Background: Persistent Pseudomonas aeruginosa (PPA) infection promotes lung function deterioration in children with cystic fibrosis (CF). Although early CF diagnosis through newborn screening (NBS) has been shown to provide nutritional/growth benefit, it is unclear whether NBS lowers the risk of PPA infection and how the effect of NBS vary with age. Modeling the onset age of PPA infection is challenging because 1) the onset age of PPA infection is interval censored in patient registry data; and 2) some risk factors such as NBS may have time-varying effects.

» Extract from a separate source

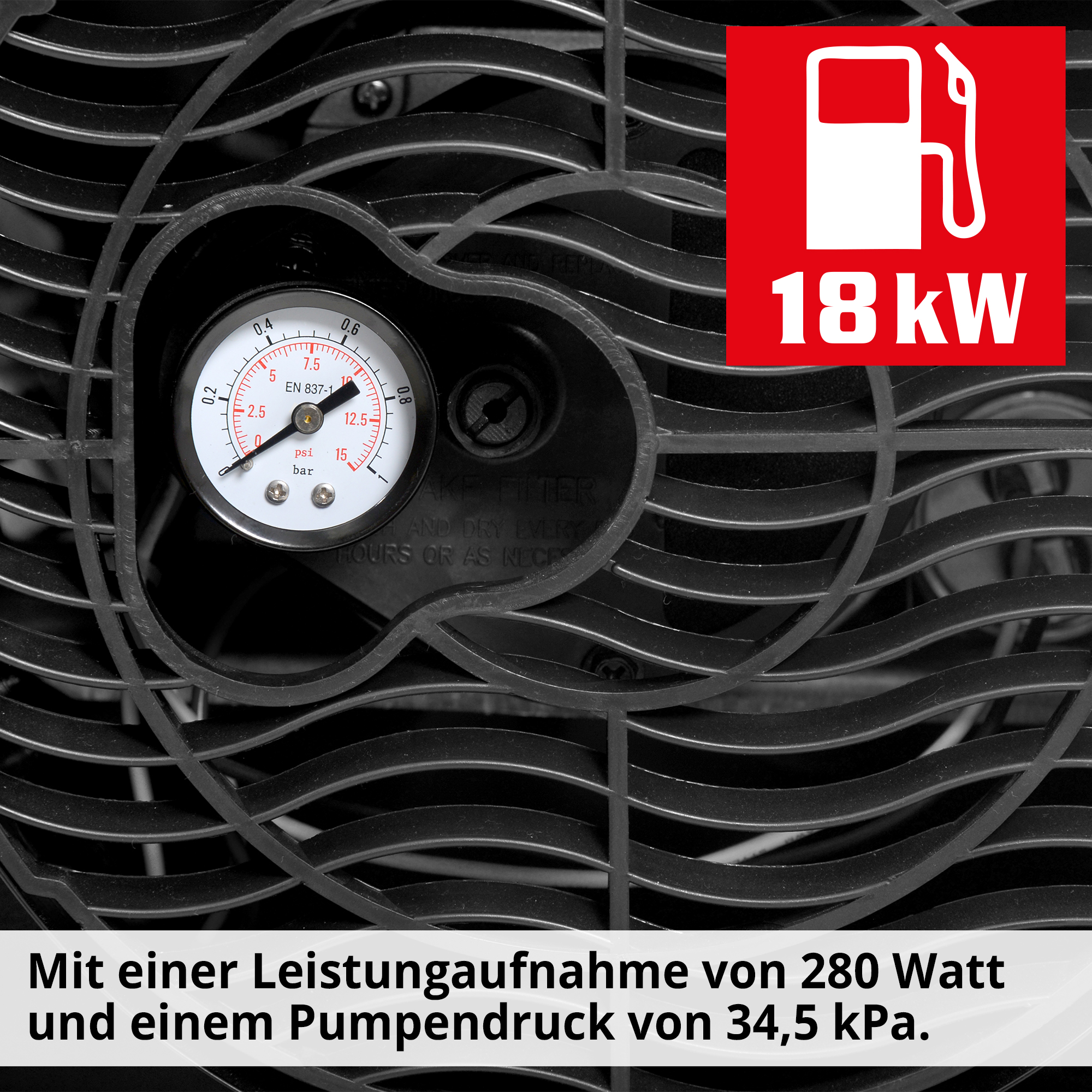 Diesel Heizkanone; 280 Watt Leistungsaufnahme, Pumpendruck von 34,5 kPa, 18 Kilowatt Wärmeleistung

Methods: This problem fits into the framework of a recently developed Bayesian dynamic Cox model for interval censored data, where each regression coefficient is allowed to be time-varying to an extent determined by the data.
Results: Application of the methodology to data from the CF Foundation Patient Registry revealed interesting findings. Compared with patients with meconium ileus or diagnosed through signs or symptoms, patients diagnosed through NBS had significantly lower risks of acquiring PPA infection between age 1 and 2 years, and the benefit in survival rate was found to last up to age 4 years. Two cohorts of five years apart were compared. Patients born in cohort 2003-2004 had significantly lower risks of the PPA infections at any age up to 4 years than those born in 1998-1999.
Conclusions: The study supports benefits of NBS on PPA infection in early childhood. In addition, our analyses demonstrate that patients in the more recent cohort had significantly lower risks of acquiring PPA infection up to age 4 years, which suggests improved CF treatment and care over time.
Keywords: Cox model; Dynamic model; Reversible jump Markov chain Monte Carlo; Time-varying effect.